Nella condizione di questo grandioso, magnifico e terribile paese l’attesa per la proclamazione dello scrutinio coincide con quella per la violenza che minaccia di rinfocolare

Continua l’attesa della pubblicazione dei risultati elettorali nella Repubblica Democratica del Congo, dove si è votato il 30 dicembre. C’è qualcosa di favoloso nei rinvii in cui si è illustrato il regime di Kabila. Prima il rinvio sine die delle elezioni, oltre due anni dopo la scadenza legale del suo mandato. (Joseph Kabila, 47 anni, è al potere dal 2001, dopo che il presidente suo padre, Laurent-Désiré, fu ucciso in un tentativo di colpo di Stato).
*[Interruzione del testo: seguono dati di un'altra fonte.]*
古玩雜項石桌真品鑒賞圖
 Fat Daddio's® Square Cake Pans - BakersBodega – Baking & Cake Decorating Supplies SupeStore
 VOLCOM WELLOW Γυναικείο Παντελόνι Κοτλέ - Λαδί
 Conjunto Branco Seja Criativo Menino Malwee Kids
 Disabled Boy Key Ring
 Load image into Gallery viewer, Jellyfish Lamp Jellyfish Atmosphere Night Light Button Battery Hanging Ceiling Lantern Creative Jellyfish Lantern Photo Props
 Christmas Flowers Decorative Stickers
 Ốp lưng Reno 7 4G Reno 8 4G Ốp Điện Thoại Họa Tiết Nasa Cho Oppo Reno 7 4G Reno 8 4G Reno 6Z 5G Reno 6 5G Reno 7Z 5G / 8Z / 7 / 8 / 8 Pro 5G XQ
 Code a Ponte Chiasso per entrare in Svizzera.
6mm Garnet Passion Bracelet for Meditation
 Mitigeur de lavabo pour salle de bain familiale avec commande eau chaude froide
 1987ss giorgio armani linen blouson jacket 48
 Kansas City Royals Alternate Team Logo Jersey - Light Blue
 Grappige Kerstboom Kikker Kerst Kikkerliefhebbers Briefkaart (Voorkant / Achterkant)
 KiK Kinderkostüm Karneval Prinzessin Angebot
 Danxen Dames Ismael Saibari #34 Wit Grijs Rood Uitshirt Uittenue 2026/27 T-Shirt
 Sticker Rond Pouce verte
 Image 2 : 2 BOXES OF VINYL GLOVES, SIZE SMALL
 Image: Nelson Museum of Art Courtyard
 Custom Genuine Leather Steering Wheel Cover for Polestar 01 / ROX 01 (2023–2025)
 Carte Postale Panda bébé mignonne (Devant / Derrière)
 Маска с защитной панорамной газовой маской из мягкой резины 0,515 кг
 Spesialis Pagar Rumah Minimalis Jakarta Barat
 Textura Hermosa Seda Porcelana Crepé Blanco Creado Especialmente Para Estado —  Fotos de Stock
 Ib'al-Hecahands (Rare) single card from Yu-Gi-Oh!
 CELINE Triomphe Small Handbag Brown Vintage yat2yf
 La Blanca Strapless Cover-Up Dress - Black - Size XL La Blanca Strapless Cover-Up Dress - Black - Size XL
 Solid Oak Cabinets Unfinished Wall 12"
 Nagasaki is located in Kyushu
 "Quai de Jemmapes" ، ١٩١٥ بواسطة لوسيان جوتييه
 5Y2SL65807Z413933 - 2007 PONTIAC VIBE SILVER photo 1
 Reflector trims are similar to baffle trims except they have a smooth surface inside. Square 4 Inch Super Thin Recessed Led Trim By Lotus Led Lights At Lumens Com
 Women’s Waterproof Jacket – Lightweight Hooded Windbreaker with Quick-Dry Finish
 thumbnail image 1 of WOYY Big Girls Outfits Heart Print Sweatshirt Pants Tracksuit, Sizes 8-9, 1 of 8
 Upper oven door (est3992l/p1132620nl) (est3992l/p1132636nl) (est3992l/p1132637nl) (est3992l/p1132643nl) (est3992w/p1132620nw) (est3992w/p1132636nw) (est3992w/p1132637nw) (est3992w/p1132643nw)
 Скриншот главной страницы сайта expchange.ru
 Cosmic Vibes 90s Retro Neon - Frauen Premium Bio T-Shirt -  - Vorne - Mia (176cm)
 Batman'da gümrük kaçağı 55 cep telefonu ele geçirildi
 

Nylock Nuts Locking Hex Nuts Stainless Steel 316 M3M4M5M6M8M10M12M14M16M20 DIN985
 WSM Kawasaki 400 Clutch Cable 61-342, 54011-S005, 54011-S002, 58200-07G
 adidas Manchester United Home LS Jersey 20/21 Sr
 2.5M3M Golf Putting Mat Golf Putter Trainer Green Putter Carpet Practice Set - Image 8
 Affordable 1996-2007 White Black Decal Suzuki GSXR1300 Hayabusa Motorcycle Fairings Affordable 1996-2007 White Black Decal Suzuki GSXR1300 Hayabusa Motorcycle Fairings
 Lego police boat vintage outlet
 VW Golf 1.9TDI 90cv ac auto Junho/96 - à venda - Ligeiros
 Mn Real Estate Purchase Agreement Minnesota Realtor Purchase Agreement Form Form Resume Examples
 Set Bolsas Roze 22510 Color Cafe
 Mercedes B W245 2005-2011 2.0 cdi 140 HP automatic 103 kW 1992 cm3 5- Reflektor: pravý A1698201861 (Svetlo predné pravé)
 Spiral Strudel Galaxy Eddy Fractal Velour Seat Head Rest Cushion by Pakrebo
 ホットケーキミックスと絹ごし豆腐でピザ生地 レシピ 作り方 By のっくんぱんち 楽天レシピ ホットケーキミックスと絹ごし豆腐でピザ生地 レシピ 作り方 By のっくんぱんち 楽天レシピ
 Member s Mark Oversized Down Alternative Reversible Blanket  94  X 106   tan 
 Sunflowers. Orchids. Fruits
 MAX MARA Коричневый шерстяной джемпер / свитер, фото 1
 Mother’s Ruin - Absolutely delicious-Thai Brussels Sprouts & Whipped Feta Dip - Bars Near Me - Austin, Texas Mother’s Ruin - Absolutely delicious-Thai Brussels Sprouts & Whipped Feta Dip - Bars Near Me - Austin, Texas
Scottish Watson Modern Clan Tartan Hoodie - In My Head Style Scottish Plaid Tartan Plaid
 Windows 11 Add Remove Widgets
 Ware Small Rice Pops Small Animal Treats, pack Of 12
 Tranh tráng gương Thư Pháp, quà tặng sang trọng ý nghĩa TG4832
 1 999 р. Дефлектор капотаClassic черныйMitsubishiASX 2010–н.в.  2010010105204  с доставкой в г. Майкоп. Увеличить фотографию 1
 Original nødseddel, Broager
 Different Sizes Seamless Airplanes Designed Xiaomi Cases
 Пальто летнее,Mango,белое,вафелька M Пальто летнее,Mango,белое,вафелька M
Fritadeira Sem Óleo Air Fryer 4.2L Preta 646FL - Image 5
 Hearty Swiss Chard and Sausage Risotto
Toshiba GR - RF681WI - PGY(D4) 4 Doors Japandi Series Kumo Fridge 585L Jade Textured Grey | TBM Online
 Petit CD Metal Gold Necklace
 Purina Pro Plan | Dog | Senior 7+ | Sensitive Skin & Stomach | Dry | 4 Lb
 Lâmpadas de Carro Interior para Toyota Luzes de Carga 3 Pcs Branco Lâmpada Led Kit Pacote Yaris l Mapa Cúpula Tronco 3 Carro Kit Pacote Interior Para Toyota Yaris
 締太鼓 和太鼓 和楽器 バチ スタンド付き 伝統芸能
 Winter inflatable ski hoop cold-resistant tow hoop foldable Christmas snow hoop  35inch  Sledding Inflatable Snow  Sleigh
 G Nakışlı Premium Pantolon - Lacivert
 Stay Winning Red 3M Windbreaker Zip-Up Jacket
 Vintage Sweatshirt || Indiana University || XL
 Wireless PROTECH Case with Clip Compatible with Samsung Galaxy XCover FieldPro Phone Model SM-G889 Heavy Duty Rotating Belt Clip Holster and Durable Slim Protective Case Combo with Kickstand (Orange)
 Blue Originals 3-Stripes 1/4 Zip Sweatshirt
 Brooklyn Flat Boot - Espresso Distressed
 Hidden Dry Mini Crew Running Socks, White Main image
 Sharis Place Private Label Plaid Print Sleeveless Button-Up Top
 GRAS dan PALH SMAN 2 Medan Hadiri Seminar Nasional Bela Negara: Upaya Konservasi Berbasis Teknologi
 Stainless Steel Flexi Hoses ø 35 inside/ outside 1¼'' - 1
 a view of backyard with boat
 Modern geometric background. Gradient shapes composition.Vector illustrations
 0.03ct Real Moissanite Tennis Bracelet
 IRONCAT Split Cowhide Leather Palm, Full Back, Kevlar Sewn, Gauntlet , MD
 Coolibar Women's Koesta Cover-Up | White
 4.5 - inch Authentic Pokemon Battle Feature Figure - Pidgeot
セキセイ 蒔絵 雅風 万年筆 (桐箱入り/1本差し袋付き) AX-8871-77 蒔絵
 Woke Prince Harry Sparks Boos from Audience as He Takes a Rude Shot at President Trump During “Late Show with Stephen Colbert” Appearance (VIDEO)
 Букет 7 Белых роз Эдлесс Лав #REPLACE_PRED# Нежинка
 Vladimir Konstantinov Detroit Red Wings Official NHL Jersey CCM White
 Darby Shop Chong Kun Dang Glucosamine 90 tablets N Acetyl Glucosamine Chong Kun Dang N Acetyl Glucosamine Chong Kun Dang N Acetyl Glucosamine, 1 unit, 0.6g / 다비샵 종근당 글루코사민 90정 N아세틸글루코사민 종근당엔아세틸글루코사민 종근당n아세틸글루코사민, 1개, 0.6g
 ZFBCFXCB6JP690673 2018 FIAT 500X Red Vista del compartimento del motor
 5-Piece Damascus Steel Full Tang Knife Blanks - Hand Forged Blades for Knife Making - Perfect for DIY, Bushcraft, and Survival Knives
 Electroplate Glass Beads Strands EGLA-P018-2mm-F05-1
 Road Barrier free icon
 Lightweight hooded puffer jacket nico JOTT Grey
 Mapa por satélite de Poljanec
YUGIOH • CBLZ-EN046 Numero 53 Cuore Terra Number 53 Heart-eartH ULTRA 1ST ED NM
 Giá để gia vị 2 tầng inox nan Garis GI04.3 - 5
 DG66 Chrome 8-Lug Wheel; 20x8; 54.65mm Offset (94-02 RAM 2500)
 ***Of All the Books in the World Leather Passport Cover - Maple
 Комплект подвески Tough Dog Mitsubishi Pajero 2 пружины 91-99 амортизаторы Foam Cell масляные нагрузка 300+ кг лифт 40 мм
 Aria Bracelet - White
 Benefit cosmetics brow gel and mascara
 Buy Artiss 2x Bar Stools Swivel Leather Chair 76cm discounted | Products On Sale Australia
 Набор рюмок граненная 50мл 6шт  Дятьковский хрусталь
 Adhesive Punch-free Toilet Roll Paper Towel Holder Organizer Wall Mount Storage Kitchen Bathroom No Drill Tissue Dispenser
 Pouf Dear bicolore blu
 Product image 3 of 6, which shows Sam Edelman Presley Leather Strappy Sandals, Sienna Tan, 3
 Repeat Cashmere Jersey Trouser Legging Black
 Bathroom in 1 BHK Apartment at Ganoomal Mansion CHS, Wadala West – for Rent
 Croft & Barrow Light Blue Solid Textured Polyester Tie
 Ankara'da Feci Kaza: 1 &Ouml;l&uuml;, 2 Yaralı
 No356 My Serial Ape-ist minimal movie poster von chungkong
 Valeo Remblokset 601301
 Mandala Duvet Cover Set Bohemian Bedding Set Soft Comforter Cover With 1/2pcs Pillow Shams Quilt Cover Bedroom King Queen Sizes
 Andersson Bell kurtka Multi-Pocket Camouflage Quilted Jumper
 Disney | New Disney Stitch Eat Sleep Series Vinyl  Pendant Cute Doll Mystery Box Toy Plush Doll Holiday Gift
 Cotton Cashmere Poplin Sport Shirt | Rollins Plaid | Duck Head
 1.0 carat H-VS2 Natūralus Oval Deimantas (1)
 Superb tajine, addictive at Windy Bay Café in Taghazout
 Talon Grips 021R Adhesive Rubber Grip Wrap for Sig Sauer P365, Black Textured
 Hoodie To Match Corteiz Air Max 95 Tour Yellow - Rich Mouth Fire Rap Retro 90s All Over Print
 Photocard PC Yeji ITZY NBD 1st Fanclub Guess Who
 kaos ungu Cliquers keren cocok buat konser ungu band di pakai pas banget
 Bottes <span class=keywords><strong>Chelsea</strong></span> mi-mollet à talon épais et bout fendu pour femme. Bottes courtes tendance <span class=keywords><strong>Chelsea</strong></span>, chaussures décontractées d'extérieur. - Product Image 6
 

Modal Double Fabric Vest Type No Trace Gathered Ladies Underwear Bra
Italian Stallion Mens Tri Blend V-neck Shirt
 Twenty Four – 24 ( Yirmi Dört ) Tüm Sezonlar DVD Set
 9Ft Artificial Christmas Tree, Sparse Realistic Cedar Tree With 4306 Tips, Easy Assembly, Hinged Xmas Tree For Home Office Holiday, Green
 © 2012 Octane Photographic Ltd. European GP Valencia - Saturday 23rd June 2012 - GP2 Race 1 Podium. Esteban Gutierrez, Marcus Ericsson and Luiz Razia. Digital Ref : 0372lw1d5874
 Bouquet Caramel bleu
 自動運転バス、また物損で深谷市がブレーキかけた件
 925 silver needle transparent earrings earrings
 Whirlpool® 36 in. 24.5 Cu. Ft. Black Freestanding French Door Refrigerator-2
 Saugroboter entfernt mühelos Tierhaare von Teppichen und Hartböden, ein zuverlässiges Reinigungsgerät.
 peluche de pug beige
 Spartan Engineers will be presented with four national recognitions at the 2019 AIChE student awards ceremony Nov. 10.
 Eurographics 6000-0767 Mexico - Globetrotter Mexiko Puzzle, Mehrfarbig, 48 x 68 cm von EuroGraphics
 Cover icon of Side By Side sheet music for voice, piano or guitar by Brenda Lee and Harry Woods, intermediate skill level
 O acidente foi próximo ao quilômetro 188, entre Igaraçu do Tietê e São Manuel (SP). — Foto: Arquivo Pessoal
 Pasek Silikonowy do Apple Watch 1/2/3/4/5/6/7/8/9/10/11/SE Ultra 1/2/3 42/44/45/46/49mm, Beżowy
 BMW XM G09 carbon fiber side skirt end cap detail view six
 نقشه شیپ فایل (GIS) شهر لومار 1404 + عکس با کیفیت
Poi, fissate le elezioni al 23 dicembre, il rinvio in extremis al 30. Poi il rinvio di un’altra settimana nella comunicazione dell’esito del voto da parte della Commissione elettorale. Così le cose fin qui. I concorrenti principali sono tre, ma il dubbio sul risultato finale riguarda solo due di loro: il candidato di Kabila, Shadary, e il candidato più accreditato per l’opposizione, Fayulu. Se risultasse vincitore il primo, vorrebbe dire che si è falsificato il voto e si è deciso di sfidare il popolo congolese e l’opinione internazionale. Se risultasse vincitore il secondo, vorrebbe dire che il regime ha riconosciuto l’esito del voto e ha solo preso un tempo ulteriore per attutire il colpo. Ma nella condizione di questo grandioso, magnifico e terribile paese l’attesa per la proclamazione dello scrutinio coincide con quella per la violenza che minaccia di rinfocolare.

 

Il Congo è attraversato da innumerevoli guerre per bande i cui fili sono solo in parte tirati dalle potenze limitrofe e da quelle lontane. Apprendisti stregoni e massacratori e stupratori in proprio. La “guerra mondiale africana” lunga quasi trent’anni promette di conoscere un nuovo incendio. Ci sono quotidiane stragi e brutalità, ed episodi singolari, come l’invio da parte di Trump di un’ottantina (!) di militari delle forze speciali Usa in Gabon da impiegare nell’eventualità che la comunicazione del risultato elettorale minacci il personale diplomatico americano. (E siccome il mondo è brutto perché non è vario, negli stessi giorni il Gabon ha ospitato a Libreville un breve tentativo di colpo militare). La RDC non aveva accettato ossservatori europei sullo svolgimento elettorale. Osservatori, in numero inadeguato alla vastità del paese e ai suoi 81 milioni di abitanti, erano stati dislocati dall’Unione Africana e da altri organismi, ma soprattutto dalla Conferenza Episcopale congolese, che ha impiegato 1.026 osservatori permanenti in diverse città e territori e 40.000 osservatori provvisori in tutti i centri di voto, riconosciuti dalla stessa Commissione elettorale. La Conferenza Episcopale ha fatto intendere chiaramente qual è il risultato acquisito del voto. Il suo presidente, Marcel Utembi Tapa, arcivescovo di Kisangani, ha dichiarato alla Radio Vaticana: “Al momento opportuno la Conferenza sarà chiamata a pesare i risultati e a prendere una posizione chiara. Se si tratta di qualcosa che è contrario alla verità per quanto riguarda il rapporto dell’osservatorio elettorale, noi diremo chiaramente che tali risultati non sono conformi alla verità delle urne. Se sono conformi, diremo tuttavia anche in questo caso la verità, confermando ciò che la Commissione avrà pubblicato”. Lo stesso papa Francesco, parlando ieri al corpo diplomatico, ha detto: “Il rispetto del risultato elettorale nella Repubblica Democratica del Congo è fattore determinante per una pace sostenibile”. Intanto, dura il silenzio totale imposto a Internet, ai messaggi e ai social e alla radio France.